Una parte sustantiva de esos recursos es gestionada por República AFAP, integrada mayoritariamente por organismos estatales como el Banco República, el Banco de Seguros y el propio BPS. Es decir, el Estado no es un actor ajeno ni pasivo dentro del sistema: ya participa directamente en su funcionamiento y en los resultados de su gestión. Esto vuelve aún más difícil justificar la necesidad de crear un nuevo organismo “por encima” de una estructura en la que el propio sector público ya tiene un rol central.
A su vez, el destino de los fondos muestra otra dimensión clave. La mayor parte de las inversiones de las AFAP se canaliza hacia instrumentos emitidos por el propio Estado —títulos de deuda e instrumentos de regulación monetaria—, lo que constituye una fuente relevante de financiamiento. Pero además, cerca de un 15% se orienta hacia valores emitidos por empresas privadas, contribuyendo al desarrollo productivo, la generación de empleo y la dinamización de la economía.

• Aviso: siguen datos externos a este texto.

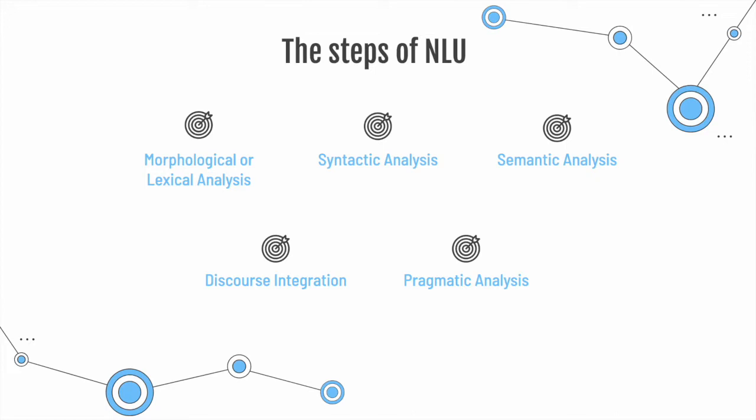the word irrationally can be broken into ir, the prefix, rational, the root, and li, the suffix. Lexical analysis finds the relation between these morphemes and converts the word into its root form.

Este esquema no solo ha permitido preservar el ahorro de los trabajadores, sino también incrementarlo de forma significativa. Se estima que entre un 40% y un 50% del total acumulado proviene de la rentabilidad generada por las inversiones. Dicho de otro modo: sin la gestión activa de las AFAP, el fondo sería hoy sustancialmente menor, con menos capacidad de sostener futuras jubilaciones.
Por supuesto, esto no implica desconocer que el sistema tiene desafíos ni que existen situaciones desiguales en los resultados individuales. Como en toda lógica de ahorro e inversión, quienes más aportan tienden a acumular más. Pero esa realidad no invalida el aporte estructural del régimen al conjunto de la economía.
En este contexto, cuesta entender cómo una nueva institución estatal podría mejorar la eficiencia del sistema. Más bien, lo esperable es lo contrario: mayores costos administrativos, más burocracia y, en definitiva, una carga adicional que terminaría siendo financiada por los propios trabajadores.
Si el objetivo es corregir desvíos o mejorar la transparencia, el camino lógico debería ser fortalecer los controles existentes y optimizar la regulación, no crear nuevas estructuras. Porque cuando se trata de administrar el ahorro previsional de toda una sociedad, la prudencia no es una opción: es una obligación.